TH: Yeah, I guess so. I was kind of, yeah, self-appointed bully, I guess. There was two, three guys that were growing up in our neighborhood. One is a pretty well-known fellow. He, I don't think he invented the plastic lenses, you know, but he has a big factory back there in Chicago. And there was a Jimmy Hongo, was a great fisherman, and Tom Oki who, I don't know what he did, but he was back in Illinois too. But those guys were the bullies, and they used to take our pants off and take our shoes off, make us walk home.

MP: Was that in grade school?

TH: Yeah. We were, they were in high school, but we were in grade school when I became a bully. When they, when they graduated high school, I took my turn.

MP: What grade school did you go to?

TH: I went to Ladd originally, and then I transferred to Shattuck. A lot of people don't remember that school, but where the Portland Museum is, that's where the Ladd School used to be. And I went to Shattuck, and I actually graduated from Lincoln High School.

MP: So you were in the, you were living at that time in the, in the hotel. In the Columbia Hotel?

TH: That's when I was sixteen, I guess. That's about the time that we bought the hotel and moved into it.

MP: And that's how you could go to Lincoln High School because you were in that neighborhood then?

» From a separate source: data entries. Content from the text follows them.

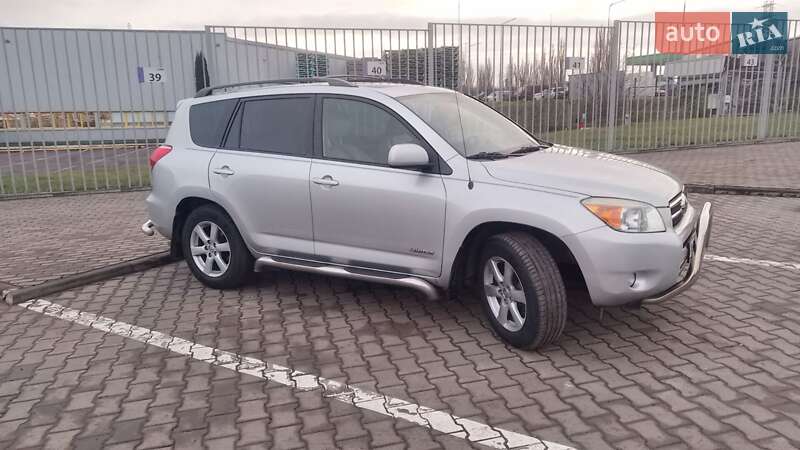 Позашляховик / Кросовер Toyota RAV4 2007 в Києві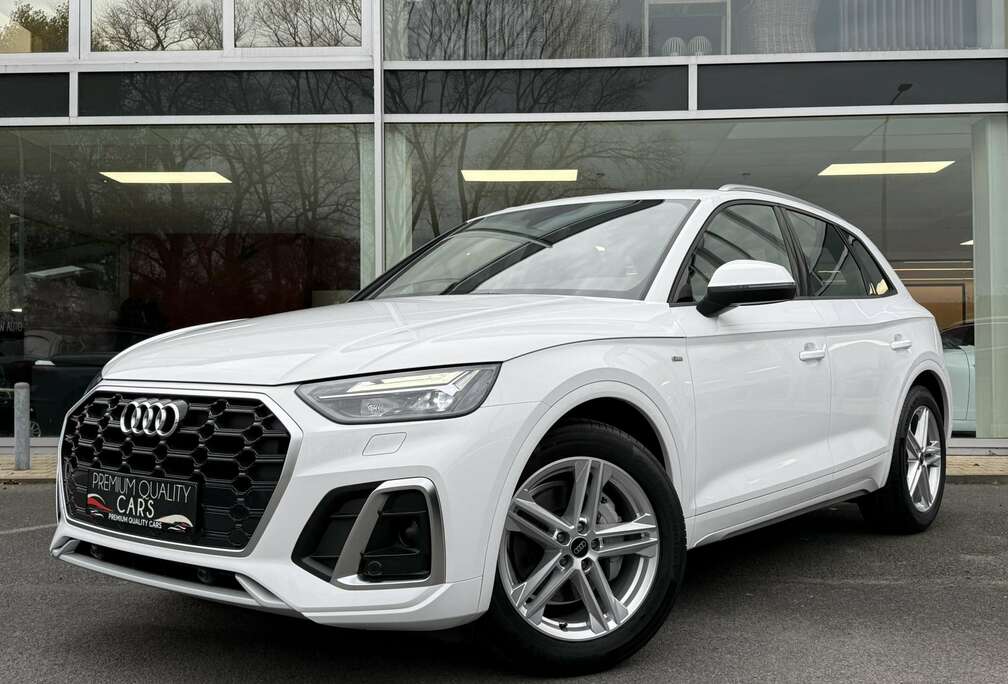 Audi S-LINE / ZETELVERWARMING / CAMERA / CARPLAY /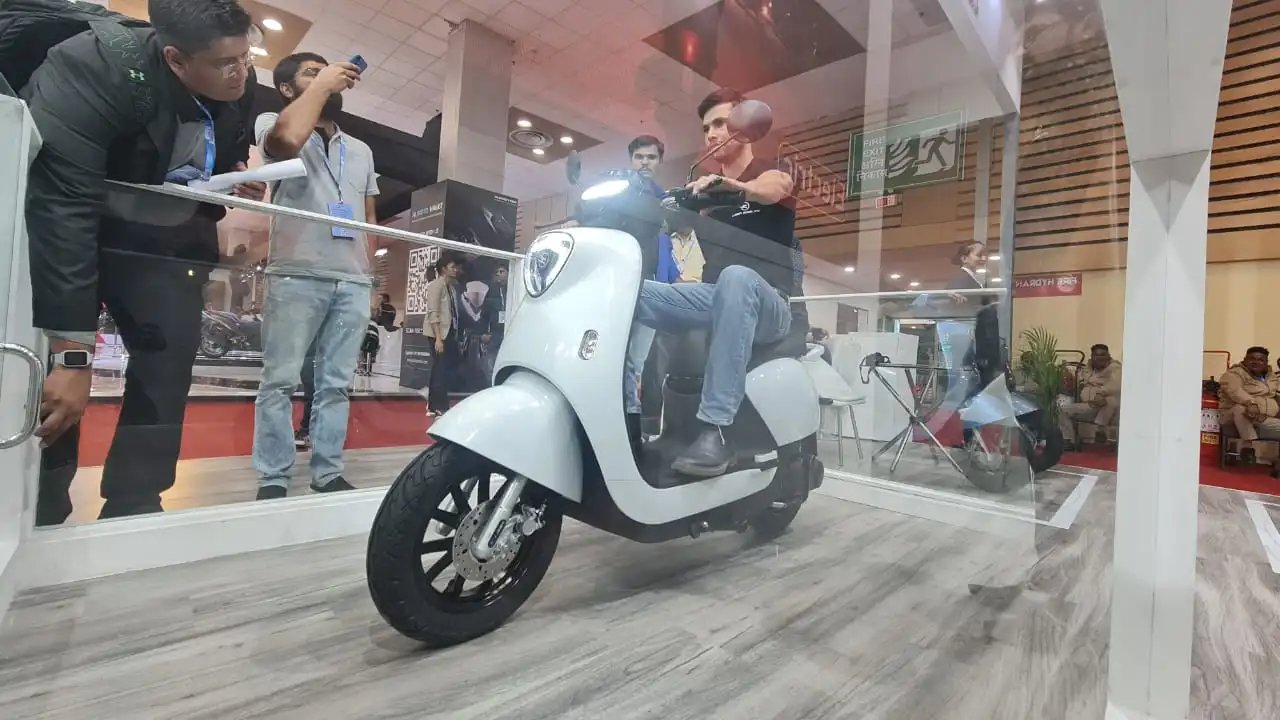 https://e-vehicleinfo.com/liger-mobility-launched-worlds-first-self-balancing-electric-scooter-liger-x-and-x/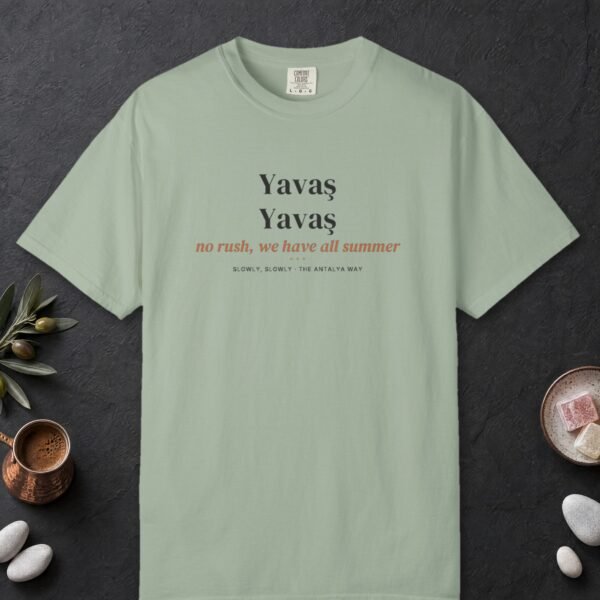 Yavaş Yavaş Tee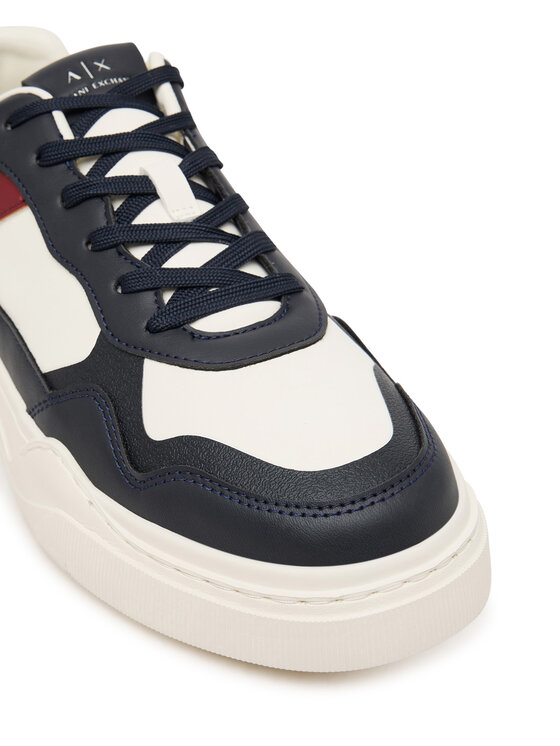 Armani Exchange Снікерcи Armani Exchange XUX219 XV857 MZ266 Білий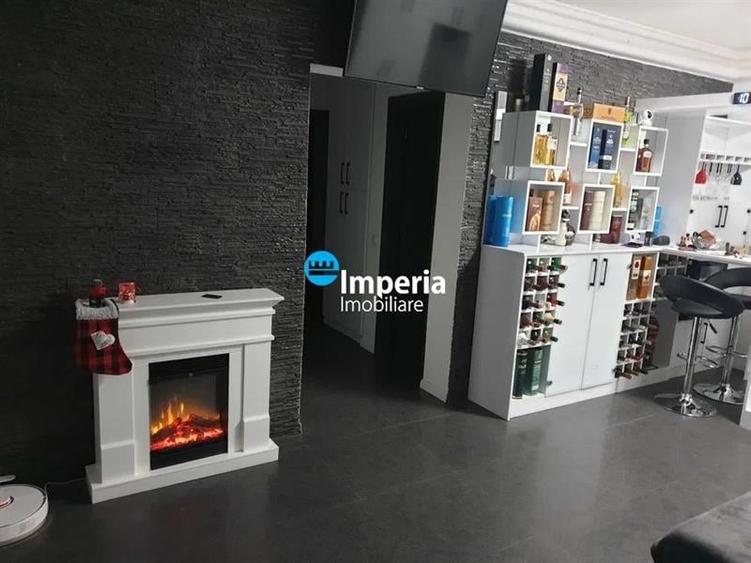 Apartament 3 cam, decomandat, de vanzare in zona Copou - Parc Copou - 2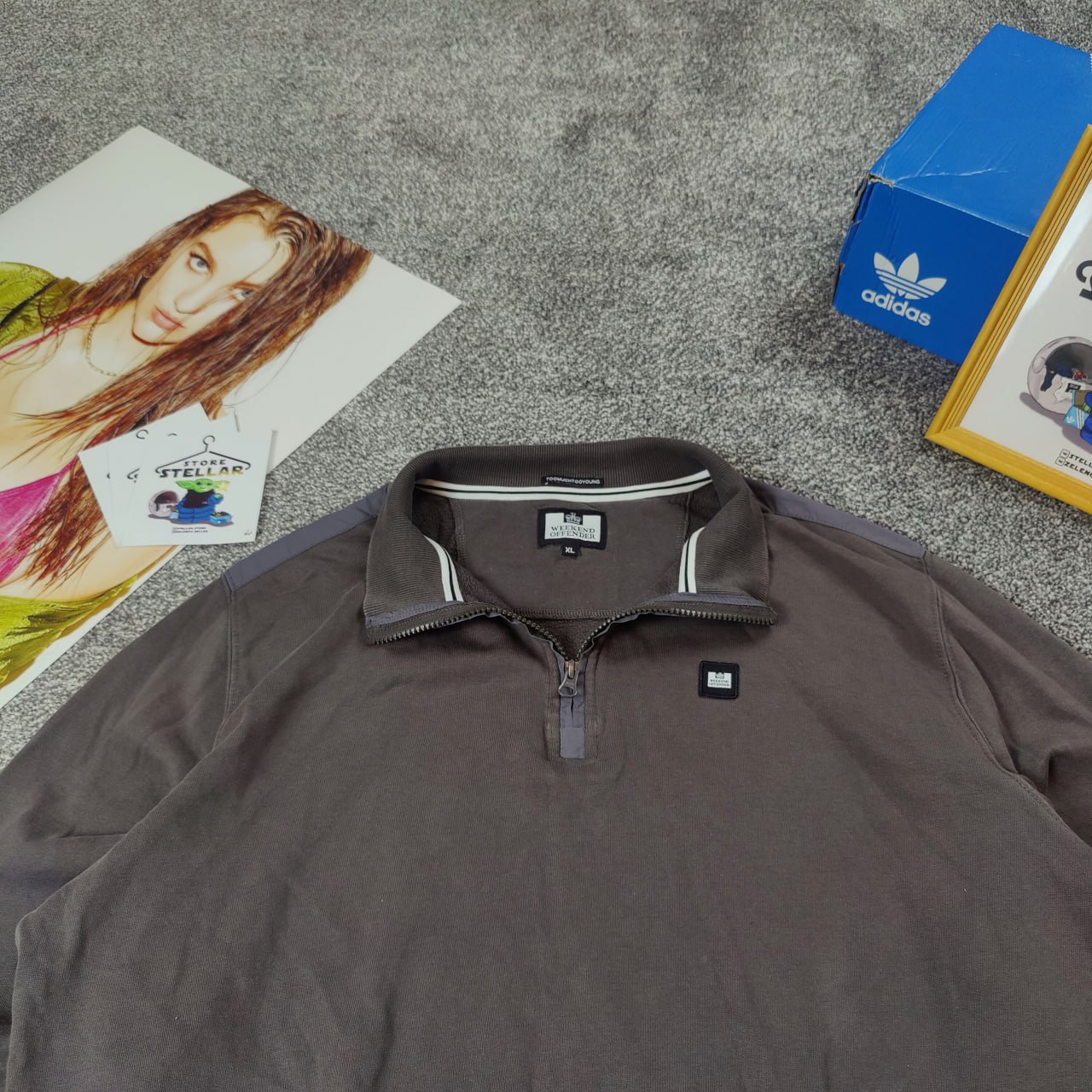 Свитшот Weekend Offender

TH: Yeah. I think, well, the Hachi Rooms was on Third and, I mean Second and Taylor. The building is still there where the old sign down there is. It's called Hachi Rooms, but it's empty because it's been condemned. It's an old brick building. A woman by the name of Mrs. Wood owned the darn thing, but I think it passed down to her estate. I don't know why they don't sell it or tear it down. It's kind of just junky. It's got a bar downstairs, secondhand store on the main floor, and the upper floors are empty, I understand. It was condemned.

MP: Have you been there to look at it? Did you go?

TH: Oh, yeah. I pass by there so, you know, every time I go downtown, I pass by there.

MP: Is that nostalgic for you when you look at it or --

TH: No. It isn't, doesn't hold a, that's where I took a beating. [Laughs] It doesn't hold good memories for me.

MP: What's all that about?

TH: I'm not going to, I'm not going to say.

MP: Now, you mentioned your brother, Hiram?

TH: Yeah.

MP: Did you have other siblings?

TH: I have two sisters. One is named Yoshiko, and she's in Hawaii, and Masako was married to Dr. Oyama here in town. You know, strange part of it, I have four boys in the family, and I have one 6' 4" and the other one is 6' 2" and the other is 5' 11", same height as I am. But my sister's boys are all 6 feet. I don't know why my oldest sister, well, I say older, she's below Hiram. She has two sons and both are 6 feet. My sister, Masako, she has three boys, and they are all 6 feet.

MP: Were your parents tall?

TH: My mother was considered tall. She was 5'3" or 4", and Dad was about 5'8", but they were considered tall for our people.

MP: Did the girls in your family get off easier than the boys?

TH: Oh, yeah. I had to look out for, they led a protected life, I tell you. My dad always made me look after them. I even had to tutor the youngest one. She didn't remember it, but then I said, "I tutored, I had to tutor you in reading. When I was in high school, you were in grade school having a tough time."

MP: That was in English reading, obviously?

TH: Yeah. But Yoshiko was pretty, well, she was a better than average student, and she got along real fine, but she was a domesticated. She didn't go on to college. She's the only one that didn't go on to college because she didn't want to. She went to business school.